So far in 2016 I have felt a little stuck- in writing, in getting a routine, just in general really. I think of it as a holiday hangover, coming off the heels of excess and extended vacation. I had the pleasure of enjoying both Jason and Jesse home for 2 weeks and just got plain lazy without having any structure. And now that everyone has gotten back to their “regularly scheduled programming” I’m sputtering a little.
“Be an adult” I chide myself, and then whine to Jason about how parenting is so hard! I get overwhelmed having to get back to schedules and chauffeuring and running errands and just everything that life requires of me right now.
And yet, when the thoughts of incompetence and “not enough” creep in, I look up at the vast expanse of blue sky and I am instantly comforted. My eyes scan across the global dome and I feel so small all of a sudden. I think about how big God is, especially in comparison to the stresses of my day. The dizzying thoughts of the to-do list falls away and the tension in my shoulders relaxes a bit.

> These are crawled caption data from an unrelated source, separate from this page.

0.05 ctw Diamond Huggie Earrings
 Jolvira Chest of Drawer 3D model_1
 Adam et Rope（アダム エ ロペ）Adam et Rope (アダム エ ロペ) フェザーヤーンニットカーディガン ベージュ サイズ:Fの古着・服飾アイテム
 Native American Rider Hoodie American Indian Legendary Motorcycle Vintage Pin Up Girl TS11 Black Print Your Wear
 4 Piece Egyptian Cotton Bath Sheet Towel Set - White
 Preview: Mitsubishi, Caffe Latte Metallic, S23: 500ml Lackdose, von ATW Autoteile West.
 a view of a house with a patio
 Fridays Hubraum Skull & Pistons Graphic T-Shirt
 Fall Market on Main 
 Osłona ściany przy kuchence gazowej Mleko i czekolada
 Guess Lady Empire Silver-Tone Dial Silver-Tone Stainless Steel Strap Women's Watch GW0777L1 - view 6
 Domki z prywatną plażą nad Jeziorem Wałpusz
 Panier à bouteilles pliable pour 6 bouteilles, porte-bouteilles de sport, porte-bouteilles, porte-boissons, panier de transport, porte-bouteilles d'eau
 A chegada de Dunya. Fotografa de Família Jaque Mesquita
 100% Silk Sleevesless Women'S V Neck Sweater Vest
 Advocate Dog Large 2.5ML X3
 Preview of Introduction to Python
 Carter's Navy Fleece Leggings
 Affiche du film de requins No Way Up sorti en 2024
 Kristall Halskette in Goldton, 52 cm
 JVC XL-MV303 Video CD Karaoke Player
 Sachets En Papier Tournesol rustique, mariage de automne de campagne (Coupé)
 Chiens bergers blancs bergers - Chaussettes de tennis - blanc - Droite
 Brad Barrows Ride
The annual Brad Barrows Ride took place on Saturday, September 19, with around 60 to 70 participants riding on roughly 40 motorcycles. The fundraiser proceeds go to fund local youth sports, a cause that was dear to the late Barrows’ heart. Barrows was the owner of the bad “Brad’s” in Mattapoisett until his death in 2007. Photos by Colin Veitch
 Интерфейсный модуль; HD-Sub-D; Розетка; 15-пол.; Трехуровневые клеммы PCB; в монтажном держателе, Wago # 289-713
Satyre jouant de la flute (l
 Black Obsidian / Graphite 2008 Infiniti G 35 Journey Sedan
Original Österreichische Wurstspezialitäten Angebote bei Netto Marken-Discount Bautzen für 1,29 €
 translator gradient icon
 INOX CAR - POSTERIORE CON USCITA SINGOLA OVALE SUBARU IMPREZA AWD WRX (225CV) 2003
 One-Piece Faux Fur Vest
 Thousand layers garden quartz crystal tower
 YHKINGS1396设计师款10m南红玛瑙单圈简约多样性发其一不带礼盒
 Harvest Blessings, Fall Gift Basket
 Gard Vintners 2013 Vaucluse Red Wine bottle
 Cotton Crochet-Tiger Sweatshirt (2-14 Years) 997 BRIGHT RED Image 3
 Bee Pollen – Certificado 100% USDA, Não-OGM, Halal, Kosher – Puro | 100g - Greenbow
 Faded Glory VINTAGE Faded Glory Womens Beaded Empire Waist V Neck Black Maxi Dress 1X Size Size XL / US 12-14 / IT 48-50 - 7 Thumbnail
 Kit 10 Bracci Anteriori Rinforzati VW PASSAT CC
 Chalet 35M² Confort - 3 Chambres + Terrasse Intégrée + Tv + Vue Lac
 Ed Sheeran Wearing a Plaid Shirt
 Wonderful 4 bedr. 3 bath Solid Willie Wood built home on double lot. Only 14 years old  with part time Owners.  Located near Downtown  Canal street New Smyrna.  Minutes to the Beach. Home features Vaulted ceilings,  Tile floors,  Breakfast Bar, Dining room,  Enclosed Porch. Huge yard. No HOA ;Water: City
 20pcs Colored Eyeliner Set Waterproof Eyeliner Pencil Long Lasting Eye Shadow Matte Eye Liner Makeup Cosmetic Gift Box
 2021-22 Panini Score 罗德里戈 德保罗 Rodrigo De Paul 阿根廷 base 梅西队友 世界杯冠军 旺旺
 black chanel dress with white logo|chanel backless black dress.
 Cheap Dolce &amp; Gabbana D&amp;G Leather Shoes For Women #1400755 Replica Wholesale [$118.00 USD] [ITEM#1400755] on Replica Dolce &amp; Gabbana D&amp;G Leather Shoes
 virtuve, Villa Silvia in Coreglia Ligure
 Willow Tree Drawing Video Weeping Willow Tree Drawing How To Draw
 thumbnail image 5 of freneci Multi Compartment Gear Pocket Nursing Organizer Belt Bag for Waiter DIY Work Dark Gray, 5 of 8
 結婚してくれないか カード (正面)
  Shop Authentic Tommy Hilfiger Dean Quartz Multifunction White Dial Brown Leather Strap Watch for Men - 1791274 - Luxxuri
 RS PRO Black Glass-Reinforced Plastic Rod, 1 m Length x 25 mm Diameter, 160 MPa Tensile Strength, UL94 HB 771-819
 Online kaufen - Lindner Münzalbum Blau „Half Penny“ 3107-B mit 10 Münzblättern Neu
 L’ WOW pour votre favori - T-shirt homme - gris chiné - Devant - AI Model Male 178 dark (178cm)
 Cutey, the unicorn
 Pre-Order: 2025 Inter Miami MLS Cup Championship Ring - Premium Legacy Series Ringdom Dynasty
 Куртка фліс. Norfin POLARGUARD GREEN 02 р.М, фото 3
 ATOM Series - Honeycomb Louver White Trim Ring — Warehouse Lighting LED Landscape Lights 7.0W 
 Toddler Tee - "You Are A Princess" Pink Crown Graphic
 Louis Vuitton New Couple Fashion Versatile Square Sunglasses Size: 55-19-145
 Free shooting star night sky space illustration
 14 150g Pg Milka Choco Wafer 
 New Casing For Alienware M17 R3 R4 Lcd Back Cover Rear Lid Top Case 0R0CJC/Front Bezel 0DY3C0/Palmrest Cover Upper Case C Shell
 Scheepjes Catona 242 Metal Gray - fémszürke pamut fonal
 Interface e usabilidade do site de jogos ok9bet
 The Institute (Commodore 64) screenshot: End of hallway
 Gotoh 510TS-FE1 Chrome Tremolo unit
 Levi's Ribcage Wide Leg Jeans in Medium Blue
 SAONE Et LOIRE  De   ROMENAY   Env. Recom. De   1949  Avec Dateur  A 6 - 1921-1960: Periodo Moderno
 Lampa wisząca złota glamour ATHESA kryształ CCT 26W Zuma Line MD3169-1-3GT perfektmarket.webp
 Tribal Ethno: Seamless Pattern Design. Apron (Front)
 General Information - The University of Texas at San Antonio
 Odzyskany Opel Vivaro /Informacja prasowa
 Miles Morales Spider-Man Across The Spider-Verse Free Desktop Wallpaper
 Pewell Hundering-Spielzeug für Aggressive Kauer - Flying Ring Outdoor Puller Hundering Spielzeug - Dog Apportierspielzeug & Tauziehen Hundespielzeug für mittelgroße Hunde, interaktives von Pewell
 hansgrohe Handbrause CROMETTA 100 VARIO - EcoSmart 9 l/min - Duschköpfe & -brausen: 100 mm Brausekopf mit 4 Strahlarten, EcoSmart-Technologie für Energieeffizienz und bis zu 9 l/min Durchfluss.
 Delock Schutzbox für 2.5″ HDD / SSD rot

The sky becomes God’s banner of love over me. It takes my breath away and helps me breathe at the same time. Deep. Slow. Exhale.
The Lord uses His creation to display Himself, His character.
“The heavens declare the glory of God, and the sky above proclaims His handiwork. Day to day pours out speech, and night to night reveals knowledge.” (Psalm 19:1-2 ESV)
In those moments of marveling upward I am reminded of Who is always in control. My Father is the Painter of the skies and the Keeper of heavenly lights. I often use the truth phrase: ‘God is Good and God is Sovereign’ to preach to myself. It’s simple but it helps realign my head and my heart so I don’t fall into complete despair and anxiety.
Whether the Lord uses His paintbrush to make wispy, thin clouds against the ocean blue backdrop, or create a stunning sunset of fire pink layered in blazing shades of orange and dark magenta, He demonstrates beautiful grace. My Father whispers, “There is a new day ahead. I am in control of all things and have your good in mind to glorify Myself. I love you endlessly.” Sweet grace.
The grace of God that never runs out is what keeps me going. From a cold and barren winter that slowly emerges into new life come spring, to each blanketed night that transforms into a bright fresh morning, to the very breath and heartbeat I have, they all come from His Hand, His faithfulness. God the Father lavished His love on us in the most profound way by sacrificing His Son in our place. That is redemptive grace at work. It is something I never get tired of and keep coming back to again and again. Meditating on God’s grace leads to gratitude, which promotes worship and ushers us into awe of our Creator God:
“Lift your eyes and look to the heavens: Who created all these? He who brings out the starry host one by one, and calls them each by name. Because of His great power and mighty strength, not one of them is missing.” (Isaiah 40:26 NIV)
God is God over the minute and the magnificent. So when you feel that your burdens are too heavy and the world presses in suffocating your last glimmer of hope, take heart. The God we serve will never “grow tired or weary, and His understanding no one can fathom. He gives strength to the weary and increases the power of the weak” (Isaiah 40:28-29 NIV).
He will gather you in His arms and carry you through so that the beating of your heart matches His own. You are His. Beloved. That is generous grace overflowing. We are Sons and Daughters of the King and we are seen by our God- our hurts, our struggles, our joys and even our sins- and yet, oh how He loves us still! Praise God for His grace upon grace.